Poor comparison, neither 32-bit nor 64-bit processors are harmful for your health.

>I drink my gasoline

>I don't breathe air

You said it yourself: "enough for casual use". I'm not a casual and want to tinker with every little thing I can to make my PC experience the best it can be.

31 bits is enough for mainframes

...

The Nintendo 64 is an overrated console with maybe 10 good games.

You don't breathe air???

Not with amount of RAM Chrome likes to gobble. It's almost as much as OPs need for cock.

Might as well format all your drives to FAT while you're at it.

just going to post this
>03:14:07 UTC on 19 January 2038

>tfw 32-bit OpenBSD is already safe
What a god-tier OS

but doesn't 64 bit give some speed benefits? I remember back in the day, with my old Athlon64 computer, I tried comparing oggenc on 32 bit Ubuntu with 64 bit ubuntu, on the 64bit version it encoded the same file almost twice as fast.

I'm not a filthy casual

that's actually still salvageable, just needs some contact cleaner ass-blasted on it and pins bent back in place.

(thermal paste doesn't conduct electricity)

I could fix that.

fuck off louis

Lots of thermal pastes do in fact conduct electricity.

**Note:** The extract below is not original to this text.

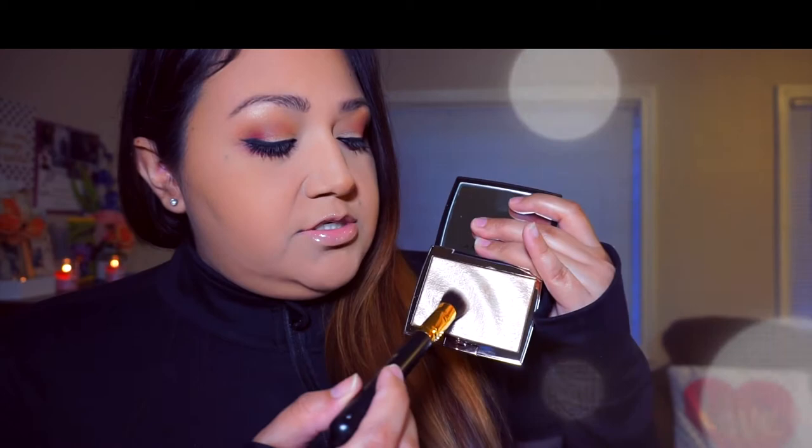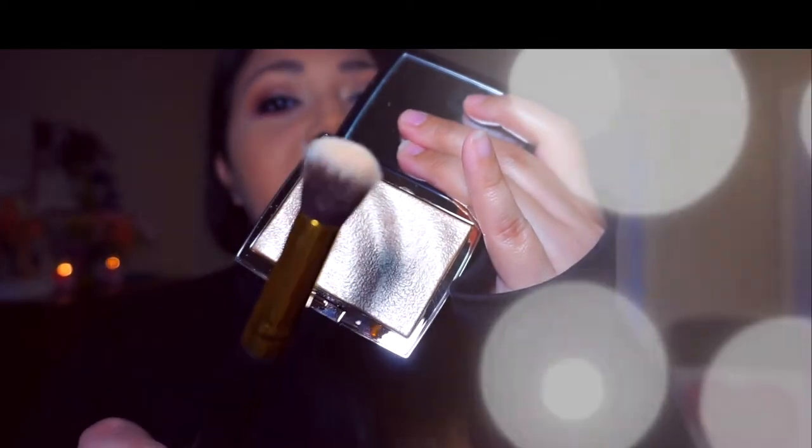So I'm going to take this brush here — this is by pH Cosmetics, the 128 brush. This does not have any fallout, so you're not going to see a shatter when I go in. This brush is picking up a lot, so I'm just going to use a little bit because I already know how intense this is and I don't want to get more than I need.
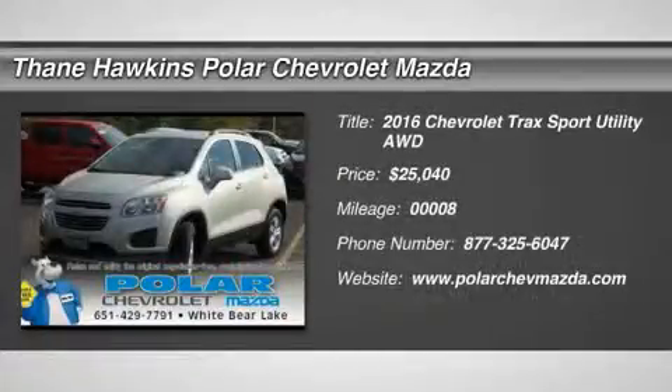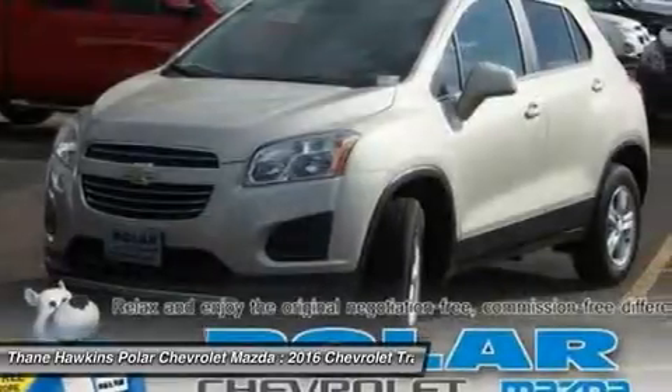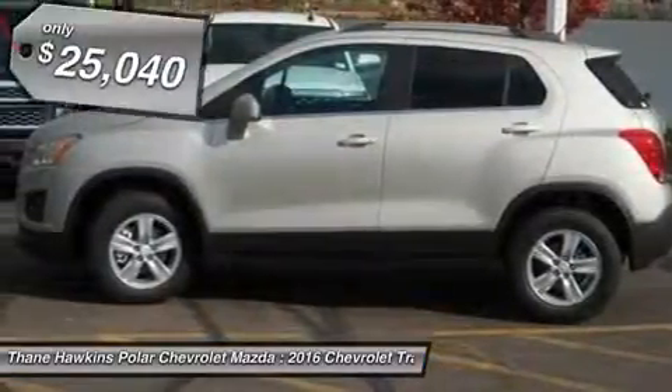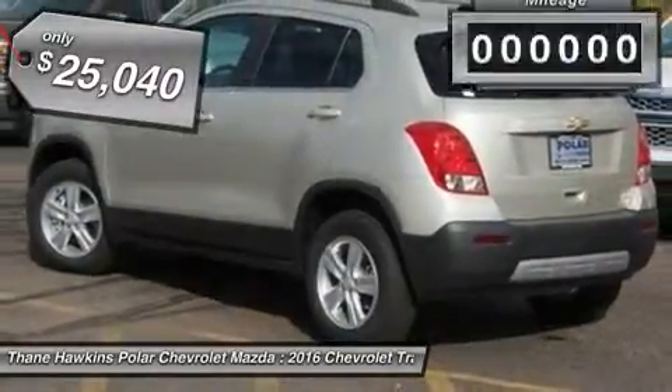The 2016 Chevrolet Trax. The Trax is tiny on the outside but remarkably spacious within. It comes with a clean and modern interior, and it's priced below $30,000.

Huge numbers, in fact. The whole "ceramic paste" thing is pretty new, you god damn child.

Linux is making a new architecture that is 32-bit but runs on 64-bit CPUs and uses the full 64-bit instruction set. The computers of the future will probably have most apps like this and only apps that needs >4GB of virtual memory will be 64 bit.

8-bit is enuff.
hackaday.com/2016/05/11/mike-szczys-ends-8-bit-vs-32-bit-holy-war/
(it is acctually a bretty nice talk)

heh

Whoever that is in the background, they have a really cute waist.

what is memory mapped I/O?

using 1-bit bus would also be enough, so long as your CPU is running at least 128Ghz. your motherboard would be small, but would be melt pretty soon. You'd also have to invent a new CPU architecture to interpret the temporally distributed instructions.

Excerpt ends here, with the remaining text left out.